Analyse Immer mehr Deutsche investieren in Aktienfonds

Der Anteil der Deutschen, die Anteile an Aktienfonds halten, ist in den vergangenen 20 Jahren gestiegen. Das zeigt eine Analyse des Deutschen Aktieninstituts. Das direkte Halten von Aktien ist im gleichen Zeitraum jedoch unbeliebter geworden.

21.03.2019 - 11:26 Uhr | Von:  in Aktien

Die Zahl der Aktionäre und Aktienfondsbesitzer ist in Deutschland in den vergangenen zwei Jahrzehnten gestiegen. Das geht aus einer Analyse des Deutschen Aktieninstituts hervor.

Wie die nachfolgende Grafik des Online-Portals Statista zeigt, haben dabei besonders Aktienfonds in der Beliebtheit zugelegt: Im Jahr 1998 besaßen lediglich 2,3 Millionen Deutsche ausschließlich Anteile an Aktienfonds, rund eine Million besaß zugleich Aktien und Aktienfonds. Zwanzig Jahre später besaßen 5,8 Millionen Deutsche Aktienfonds und 2 Millionen Fonds und Aktien.

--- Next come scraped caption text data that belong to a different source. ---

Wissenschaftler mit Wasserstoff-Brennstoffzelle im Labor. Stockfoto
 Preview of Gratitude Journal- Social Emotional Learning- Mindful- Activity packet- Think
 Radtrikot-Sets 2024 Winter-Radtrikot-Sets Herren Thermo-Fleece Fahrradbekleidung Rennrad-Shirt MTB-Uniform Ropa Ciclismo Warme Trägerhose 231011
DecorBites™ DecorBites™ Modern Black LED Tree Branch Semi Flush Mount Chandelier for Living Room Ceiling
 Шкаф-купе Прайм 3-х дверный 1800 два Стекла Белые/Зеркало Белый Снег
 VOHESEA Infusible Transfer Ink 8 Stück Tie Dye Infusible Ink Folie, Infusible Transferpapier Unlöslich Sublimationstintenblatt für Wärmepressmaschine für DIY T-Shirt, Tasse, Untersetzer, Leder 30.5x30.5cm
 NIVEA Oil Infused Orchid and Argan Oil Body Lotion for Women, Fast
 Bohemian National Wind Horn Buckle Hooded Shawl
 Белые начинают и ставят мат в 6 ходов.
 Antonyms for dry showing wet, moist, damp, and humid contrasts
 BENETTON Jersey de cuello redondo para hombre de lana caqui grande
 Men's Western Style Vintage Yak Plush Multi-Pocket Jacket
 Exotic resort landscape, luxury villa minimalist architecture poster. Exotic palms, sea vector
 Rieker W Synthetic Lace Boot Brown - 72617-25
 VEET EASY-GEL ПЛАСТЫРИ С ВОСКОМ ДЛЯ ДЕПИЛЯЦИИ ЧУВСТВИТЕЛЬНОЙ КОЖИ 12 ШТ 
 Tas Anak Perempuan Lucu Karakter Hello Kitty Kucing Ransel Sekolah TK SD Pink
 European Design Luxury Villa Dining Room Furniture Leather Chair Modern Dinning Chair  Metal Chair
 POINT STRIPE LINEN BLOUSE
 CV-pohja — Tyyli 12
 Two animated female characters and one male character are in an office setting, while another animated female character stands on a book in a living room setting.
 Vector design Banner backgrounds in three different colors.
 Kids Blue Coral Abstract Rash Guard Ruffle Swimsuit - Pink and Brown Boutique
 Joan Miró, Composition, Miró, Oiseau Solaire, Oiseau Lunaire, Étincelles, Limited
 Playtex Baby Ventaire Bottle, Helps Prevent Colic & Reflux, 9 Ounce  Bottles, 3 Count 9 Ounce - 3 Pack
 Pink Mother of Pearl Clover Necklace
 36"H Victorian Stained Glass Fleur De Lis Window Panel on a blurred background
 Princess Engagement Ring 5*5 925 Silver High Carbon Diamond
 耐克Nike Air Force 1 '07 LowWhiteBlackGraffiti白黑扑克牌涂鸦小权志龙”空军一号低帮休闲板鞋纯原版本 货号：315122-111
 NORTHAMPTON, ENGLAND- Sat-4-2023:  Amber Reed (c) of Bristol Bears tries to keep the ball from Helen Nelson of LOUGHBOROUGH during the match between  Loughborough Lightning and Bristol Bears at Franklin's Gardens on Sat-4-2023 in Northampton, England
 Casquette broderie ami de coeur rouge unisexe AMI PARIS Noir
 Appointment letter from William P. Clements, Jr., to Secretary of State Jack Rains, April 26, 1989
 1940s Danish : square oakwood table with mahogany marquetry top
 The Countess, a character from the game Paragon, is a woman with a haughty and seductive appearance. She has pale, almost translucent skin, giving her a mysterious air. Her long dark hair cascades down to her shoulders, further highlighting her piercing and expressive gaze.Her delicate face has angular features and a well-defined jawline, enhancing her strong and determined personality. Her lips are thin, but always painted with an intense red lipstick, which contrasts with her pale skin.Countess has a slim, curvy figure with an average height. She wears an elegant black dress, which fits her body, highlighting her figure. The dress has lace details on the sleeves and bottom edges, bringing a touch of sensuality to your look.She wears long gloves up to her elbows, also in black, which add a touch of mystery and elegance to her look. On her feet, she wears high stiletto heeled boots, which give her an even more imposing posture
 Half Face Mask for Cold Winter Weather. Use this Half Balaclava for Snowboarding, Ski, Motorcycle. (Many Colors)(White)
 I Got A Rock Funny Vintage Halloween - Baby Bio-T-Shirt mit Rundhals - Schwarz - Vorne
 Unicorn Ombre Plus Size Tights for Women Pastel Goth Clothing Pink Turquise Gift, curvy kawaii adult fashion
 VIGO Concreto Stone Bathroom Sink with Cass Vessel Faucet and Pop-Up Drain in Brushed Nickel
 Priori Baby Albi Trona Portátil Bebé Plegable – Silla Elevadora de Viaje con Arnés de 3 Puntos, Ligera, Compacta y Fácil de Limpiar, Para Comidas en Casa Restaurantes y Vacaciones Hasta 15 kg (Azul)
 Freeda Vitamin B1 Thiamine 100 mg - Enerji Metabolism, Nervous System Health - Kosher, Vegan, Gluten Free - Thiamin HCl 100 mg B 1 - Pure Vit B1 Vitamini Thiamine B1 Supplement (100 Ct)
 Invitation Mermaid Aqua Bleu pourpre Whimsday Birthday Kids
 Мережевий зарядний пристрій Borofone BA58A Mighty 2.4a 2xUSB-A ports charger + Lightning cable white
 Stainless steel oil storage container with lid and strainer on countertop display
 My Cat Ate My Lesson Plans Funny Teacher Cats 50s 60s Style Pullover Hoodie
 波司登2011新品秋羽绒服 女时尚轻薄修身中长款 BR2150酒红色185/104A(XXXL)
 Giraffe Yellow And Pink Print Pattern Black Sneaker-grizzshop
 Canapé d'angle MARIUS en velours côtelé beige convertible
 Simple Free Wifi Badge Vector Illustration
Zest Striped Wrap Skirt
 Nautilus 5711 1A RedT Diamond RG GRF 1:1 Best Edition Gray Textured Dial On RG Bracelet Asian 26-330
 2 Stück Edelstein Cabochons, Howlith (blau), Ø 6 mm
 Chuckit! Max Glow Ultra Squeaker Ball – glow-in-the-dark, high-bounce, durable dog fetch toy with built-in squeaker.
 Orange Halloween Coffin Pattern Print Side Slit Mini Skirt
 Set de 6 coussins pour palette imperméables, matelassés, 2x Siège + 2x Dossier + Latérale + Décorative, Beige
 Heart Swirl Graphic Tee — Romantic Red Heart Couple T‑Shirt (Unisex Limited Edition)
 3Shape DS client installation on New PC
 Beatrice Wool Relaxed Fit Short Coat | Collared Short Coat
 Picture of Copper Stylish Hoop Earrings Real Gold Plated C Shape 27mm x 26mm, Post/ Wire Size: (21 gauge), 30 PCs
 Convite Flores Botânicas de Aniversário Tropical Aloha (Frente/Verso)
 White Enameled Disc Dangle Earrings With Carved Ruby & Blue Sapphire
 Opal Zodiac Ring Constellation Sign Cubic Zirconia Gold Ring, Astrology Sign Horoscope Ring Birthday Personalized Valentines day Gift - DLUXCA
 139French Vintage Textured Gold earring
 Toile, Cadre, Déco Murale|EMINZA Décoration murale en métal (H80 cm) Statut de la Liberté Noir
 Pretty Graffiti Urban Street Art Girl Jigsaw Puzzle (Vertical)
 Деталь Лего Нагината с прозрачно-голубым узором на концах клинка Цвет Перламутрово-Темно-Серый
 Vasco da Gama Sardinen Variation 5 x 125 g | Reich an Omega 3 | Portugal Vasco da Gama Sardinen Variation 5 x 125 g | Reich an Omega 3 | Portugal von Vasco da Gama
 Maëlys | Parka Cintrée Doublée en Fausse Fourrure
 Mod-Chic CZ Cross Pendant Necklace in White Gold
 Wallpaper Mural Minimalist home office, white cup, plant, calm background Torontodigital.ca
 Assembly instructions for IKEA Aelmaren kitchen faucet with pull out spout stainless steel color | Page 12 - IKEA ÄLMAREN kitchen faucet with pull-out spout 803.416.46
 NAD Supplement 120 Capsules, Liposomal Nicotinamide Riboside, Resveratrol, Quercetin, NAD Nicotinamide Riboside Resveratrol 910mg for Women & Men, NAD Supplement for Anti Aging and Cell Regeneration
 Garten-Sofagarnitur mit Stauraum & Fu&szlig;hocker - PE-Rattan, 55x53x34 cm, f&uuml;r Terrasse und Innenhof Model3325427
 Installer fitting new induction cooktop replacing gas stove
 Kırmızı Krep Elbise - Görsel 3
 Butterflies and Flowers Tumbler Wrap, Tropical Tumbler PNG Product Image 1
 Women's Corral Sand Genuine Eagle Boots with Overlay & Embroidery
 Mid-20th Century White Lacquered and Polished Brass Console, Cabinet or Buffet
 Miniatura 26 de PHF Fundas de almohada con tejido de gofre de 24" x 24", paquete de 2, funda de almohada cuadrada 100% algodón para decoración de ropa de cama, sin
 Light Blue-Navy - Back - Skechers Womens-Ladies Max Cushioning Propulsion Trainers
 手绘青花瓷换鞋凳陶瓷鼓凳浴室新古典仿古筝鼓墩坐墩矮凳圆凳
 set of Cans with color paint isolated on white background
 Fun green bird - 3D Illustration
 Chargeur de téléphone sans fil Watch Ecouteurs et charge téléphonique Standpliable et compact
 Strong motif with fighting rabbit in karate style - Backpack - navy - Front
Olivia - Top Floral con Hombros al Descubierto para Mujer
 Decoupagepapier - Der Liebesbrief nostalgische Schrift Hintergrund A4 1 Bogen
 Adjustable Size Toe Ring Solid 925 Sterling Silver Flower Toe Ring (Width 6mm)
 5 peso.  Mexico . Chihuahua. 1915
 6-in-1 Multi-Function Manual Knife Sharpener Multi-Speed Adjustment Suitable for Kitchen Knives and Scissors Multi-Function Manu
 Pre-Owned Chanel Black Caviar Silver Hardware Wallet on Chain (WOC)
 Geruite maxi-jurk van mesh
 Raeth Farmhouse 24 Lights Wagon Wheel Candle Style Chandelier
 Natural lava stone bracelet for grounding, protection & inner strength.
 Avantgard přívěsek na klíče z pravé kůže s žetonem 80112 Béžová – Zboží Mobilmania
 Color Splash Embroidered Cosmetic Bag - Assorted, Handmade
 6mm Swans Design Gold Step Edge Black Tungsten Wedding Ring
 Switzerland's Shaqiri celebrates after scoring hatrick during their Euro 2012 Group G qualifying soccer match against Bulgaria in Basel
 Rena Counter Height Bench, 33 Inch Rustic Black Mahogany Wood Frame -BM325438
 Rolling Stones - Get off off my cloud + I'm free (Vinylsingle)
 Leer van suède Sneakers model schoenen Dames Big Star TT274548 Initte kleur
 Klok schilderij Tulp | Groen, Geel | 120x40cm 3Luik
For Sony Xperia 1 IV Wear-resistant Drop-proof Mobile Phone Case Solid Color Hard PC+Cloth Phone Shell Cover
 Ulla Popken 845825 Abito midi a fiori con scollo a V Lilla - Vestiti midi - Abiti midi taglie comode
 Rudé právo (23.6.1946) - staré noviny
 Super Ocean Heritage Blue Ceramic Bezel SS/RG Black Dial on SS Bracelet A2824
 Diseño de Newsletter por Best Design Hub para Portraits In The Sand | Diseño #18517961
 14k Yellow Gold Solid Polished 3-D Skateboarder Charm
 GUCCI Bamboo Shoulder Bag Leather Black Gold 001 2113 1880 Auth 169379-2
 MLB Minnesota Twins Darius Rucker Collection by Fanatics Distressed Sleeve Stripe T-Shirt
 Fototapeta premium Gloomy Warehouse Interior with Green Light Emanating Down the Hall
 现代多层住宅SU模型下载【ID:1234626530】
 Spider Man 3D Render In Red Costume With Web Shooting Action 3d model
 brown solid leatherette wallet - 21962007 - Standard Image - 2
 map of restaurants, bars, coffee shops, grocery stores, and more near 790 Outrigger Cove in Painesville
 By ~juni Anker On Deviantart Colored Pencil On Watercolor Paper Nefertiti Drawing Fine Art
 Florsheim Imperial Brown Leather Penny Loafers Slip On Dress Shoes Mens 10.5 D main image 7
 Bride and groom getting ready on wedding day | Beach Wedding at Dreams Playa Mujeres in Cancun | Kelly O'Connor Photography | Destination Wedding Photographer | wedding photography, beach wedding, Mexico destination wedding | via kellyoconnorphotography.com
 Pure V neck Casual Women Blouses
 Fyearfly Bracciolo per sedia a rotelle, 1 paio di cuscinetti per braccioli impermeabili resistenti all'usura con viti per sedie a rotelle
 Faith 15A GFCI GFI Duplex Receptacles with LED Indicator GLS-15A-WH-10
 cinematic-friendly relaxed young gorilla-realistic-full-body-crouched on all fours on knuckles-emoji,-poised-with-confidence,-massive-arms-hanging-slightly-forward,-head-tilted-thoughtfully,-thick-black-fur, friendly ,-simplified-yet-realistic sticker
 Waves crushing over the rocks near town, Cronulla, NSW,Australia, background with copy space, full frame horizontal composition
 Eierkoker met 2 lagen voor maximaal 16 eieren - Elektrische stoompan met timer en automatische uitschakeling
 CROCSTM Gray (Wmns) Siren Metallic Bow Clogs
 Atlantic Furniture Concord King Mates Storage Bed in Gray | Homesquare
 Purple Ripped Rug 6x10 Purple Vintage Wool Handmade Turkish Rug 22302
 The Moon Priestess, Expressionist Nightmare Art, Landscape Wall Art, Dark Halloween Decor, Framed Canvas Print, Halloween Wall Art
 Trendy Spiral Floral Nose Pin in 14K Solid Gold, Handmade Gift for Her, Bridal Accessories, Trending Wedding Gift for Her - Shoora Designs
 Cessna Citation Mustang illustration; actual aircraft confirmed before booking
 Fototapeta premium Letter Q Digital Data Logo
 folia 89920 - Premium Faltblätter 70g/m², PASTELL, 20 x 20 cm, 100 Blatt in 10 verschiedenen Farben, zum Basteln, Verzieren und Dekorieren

Infografik: Deutsche investieren an der Börse gerne indirekt | Statista Mehr Infografiken finden Sie bei Statista

Die Zahl der Anleger, die ausschließlich auf Aktien setzen, ist im selben Zeitraum hingegen um 30 Prozent geschrumpft. Insgesamt zeigen die Daten, dass immer mehr Deutsche von der auf lange Sicht erfreulichen Entwicklung ihres Wertpapierdepots profitieren. Umfragen zufolge haben aber viele Menschen in Deutschland nach wie vor große Bedenken gegenüber Börsengeschäften.